In late December, as Congress debated how much to spend on COVID-19 relief for Americans struggling to make ends meet, something else was flying under the radar that has serious implications for Utah’s clean water and public health.
In the same package that funded $600 stimulus checks hid a sizable handout for the uranium industry that could pad the pockets of Energy Fuels Resources, the uranium company that has already made millions by welcoming low-level radioactive waste to its White Mesa uranium mill in southeastern Utah.

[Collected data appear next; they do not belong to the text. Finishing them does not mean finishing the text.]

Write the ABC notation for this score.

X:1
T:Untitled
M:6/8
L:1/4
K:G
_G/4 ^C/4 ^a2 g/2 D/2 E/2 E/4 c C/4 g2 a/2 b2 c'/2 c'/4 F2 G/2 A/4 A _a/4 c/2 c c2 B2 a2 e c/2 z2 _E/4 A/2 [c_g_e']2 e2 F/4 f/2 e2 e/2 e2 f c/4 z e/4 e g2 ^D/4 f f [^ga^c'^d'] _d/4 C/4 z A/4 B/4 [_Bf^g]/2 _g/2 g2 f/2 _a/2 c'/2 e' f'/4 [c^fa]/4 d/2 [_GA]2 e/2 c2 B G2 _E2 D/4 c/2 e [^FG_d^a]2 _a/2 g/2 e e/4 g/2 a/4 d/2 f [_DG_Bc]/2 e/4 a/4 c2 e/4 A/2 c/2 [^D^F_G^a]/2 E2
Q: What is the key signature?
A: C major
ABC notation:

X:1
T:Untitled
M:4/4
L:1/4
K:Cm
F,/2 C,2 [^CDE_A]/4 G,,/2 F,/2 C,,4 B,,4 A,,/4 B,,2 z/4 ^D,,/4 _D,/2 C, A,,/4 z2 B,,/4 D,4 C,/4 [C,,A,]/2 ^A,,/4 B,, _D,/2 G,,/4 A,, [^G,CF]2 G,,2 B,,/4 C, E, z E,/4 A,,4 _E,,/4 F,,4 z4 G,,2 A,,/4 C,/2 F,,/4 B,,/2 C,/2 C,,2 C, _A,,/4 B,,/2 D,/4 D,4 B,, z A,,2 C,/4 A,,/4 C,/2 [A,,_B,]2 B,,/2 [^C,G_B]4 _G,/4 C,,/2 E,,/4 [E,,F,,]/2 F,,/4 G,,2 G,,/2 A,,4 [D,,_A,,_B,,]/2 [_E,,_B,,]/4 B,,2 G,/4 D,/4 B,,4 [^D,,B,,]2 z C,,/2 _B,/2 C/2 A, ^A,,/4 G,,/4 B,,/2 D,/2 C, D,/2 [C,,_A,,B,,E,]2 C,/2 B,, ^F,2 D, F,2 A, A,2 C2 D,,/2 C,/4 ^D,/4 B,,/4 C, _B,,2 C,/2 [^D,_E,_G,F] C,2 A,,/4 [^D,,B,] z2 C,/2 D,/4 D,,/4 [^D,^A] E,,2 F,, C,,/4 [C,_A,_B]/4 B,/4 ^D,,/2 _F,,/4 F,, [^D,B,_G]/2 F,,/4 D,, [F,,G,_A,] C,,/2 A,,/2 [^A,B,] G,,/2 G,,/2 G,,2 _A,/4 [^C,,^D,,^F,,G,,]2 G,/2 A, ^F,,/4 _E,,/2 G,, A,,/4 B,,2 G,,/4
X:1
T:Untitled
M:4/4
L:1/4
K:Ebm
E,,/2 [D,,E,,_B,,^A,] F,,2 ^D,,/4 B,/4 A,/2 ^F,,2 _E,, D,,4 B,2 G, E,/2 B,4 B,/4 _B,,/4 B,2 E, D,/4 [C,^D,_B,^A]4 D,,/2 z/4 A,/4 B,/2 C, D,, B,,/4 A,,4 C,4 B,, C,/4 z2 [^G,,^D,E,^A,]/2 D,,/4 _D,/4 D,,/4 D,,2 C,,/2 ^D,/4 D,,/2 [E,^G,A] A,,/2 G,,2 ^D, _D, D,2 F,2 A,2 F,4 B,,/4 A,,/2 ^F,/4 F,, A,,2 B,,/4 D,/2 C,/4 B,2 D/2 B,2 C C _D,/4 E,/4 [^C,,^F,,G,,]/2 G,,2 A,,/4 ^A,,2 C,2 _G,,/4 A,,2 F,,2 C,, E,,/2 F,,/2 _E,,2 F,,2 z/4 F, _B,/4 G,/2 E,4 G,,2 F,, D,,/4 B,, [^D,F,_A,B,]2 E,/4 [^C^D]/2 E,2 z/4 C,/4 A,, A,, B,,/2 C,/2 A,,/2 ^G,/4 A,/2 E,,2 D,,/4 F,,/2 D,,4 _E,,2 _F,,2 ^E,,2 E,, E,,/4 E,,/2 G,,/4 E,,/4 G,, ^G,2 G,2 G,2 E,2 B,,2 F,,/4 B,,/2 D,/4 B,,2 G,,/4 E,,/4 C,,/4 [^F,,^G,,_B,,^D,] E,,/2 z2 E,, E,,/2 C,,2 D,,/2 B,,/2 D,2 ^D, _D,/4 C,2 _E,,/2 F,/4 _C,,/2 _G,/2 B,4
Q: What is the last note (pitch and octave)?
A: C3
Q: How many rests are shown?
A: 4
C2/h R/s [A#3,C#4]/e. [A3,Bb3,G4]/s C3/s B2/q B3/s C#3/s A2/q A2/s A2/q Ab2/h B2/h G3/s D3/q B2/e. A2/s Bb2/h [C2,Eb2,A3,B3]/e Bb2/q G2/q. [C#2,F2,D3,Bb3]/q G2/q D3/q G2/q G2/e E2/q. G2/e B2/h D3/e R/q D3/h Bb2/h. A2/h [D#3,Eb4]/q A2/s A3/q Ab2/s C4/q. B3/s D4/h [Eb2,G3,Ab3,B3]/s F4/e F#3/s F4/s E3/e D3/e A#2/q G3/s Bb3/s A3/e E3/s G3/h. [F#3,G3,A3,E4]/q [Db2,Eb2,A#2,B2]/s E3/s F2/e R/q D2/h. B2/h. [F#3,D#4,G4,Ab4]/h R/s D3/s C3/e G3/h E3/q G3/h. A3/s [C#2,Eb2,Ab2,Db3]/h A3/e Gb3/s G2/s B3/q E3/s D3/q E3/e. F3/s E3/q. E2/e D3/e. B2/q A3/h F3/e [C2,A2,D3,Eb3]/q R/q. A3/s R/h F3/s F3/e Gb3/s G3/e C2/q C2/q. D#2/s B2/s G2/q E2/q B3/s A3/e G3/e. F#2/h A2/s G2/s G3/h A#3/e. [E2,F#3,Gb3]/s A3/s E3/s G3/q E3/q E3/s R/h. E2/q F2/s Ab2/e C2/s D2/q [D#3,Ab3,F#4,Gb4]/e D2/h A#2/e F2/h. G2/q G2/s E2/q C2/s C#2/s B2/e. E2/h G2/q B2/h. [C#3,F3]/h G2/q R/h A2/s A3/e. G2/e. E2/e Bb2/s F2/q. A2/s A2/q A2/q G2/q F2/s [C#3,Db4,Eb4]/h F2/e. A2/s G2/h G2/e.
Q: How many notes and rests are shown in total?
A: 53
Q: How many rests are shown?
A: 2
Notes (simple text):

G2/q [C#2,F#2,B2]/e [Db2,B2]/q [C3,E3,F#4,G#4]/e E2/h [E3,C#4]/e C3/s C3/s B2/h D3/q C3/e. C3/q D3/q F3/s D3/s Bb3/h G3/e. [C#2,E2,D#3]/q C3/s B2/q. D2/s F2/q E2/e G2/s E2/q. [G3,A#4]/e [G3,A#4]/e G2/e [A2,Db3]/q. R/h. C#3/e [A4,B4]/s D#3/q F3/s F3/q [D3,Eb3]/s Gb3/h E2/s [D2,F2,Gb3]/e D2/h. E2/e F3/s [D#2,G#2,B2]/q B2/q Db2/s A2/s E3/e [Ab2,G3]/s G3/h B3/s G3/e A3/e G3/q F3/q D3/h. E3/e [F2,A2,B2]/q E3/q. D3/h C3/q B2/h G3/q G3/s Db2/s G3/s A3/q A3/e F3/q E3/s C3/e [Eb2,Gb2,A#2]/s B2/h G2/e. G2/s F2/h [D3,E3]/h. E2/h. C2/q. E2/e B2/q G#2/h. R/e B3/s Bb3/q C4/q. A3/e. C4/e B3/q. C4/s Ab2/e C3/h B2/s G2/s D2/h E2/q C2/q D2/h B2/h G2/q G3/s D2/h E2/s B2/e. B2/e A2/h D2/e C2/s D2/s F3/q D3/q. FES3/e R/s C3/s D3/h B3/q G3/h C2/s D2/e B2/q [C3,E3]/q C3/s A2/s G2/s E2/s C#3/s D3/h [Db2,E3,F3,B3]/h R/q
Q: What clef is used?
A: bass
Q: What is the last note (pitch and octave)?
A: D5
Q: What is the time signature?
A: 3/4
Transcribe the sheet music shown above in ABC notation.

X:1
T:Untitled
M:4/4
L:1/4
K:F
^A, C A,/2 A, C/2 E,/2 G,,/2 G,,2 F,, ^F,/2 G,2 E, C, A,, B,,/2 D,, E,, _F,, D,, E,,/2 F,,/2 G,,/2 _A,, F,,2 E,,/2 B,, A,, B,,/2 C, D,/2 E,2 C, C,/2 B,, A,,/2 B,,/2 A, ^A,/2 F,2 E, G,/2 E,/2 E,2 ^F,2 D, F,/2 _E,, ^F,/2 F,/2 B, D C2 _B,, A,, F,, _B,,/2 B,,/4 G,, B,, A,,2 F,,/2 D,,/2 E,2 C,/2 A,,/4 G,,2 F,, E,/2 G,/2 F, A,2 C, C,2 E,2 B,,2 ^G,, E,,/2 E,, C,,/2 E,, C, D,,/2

Congress appropriated $75 million to start a “strategic uranium reserve.” This means using your taxpayer dollars to pay uranium companies above-market price for their product despite a flooded global uranium market that, since the 1980s, has seen little demand for additional lower-quality, and therefore higher-cost, U.S. uranium.
In the end, uranium companies only got half of what they’d hoped for in this budget. The figure was slashed after a Government Accountability Office report found that “DOE officials could not provide supporting data” to explain how the original $150 million budget proposal had been calculated.
If a government-funded uranium industry rings an ominous bell, that’s probably because the uranium business in the United States has always stood on the shoulders of the taxpayer. In the 1950s, the government paid out $10,000 bonuses for discovering the stuff, leading to a boom in Utah, Arizona and New Mexico. But mining uranium comes at an even higher price than just tax dollars, and Indigenous communities like the Ute Mountain Ute, next door to the White Mesa Mill, are disproportionately the ones to pay it.
When called out, defenders of the uranium industry often resort to gaslighting. In a recent Tribune story, an Energy Fuels executive claimed that the company’s White Mesa uranium mill isn’t a threat to Indigenous communities. He held up his ownership of a Diné Yei Be Cheii rug as evidence that he takes it personally when he’s accused of not caring “about Navajo or Indigenous people.”
In 2016, a Utah environmental regulator — an employee of the state of Utah whose job was to protect Utah’s environment — instead defended Energy Fuels, saying that the Ute Mountain Ute community’s concerns about water contamination at the uranium mill amounted to “biting the hand that feeds.”
Never mind that the millions Energy Fuels has made processing radioactive waste and dumping the leftovers in the mill’s massive waste pits go into the company’s coffers, not the community’s.
Forging ahead with a strategic uranium reserve will mean more of the same. As contamination disproportionately impacts Indigenous communities, allowing a new form of government support would continue to disproportionately impact Indigenous people, once again without asking for the input of Indigenous communities.
New executive orders under the Biden administration and a new bill in Congress (the Environmental Justice Mapping and Data Collection Act of 2021) have at long last prioritized environmental justice — the equal right of all citizens to a healthy environment regardless of income or heritage. To do so, the president and Congress must recognize that uranium is an environmental-justice issue — one that cuts deeper for Indigenous communities across the United States.
The strategic uranium reserve has no place in Joe Biden’s Build Back Better agenda. The uranium company that stands to benefit most from the subsidy, after all, is the same one that successfully lobbied the Trump administration to shrink Bears Ears National Monument.
Soon, we hope, Bears Ears will be restored, and that rather than repeating the environmentally racist mistakes of the past, the Biden administration will take time to learn from and support uranium-impacted Indigenous communities.
Amber Reimondo is the Energy Director at the Grand Canyon Trust.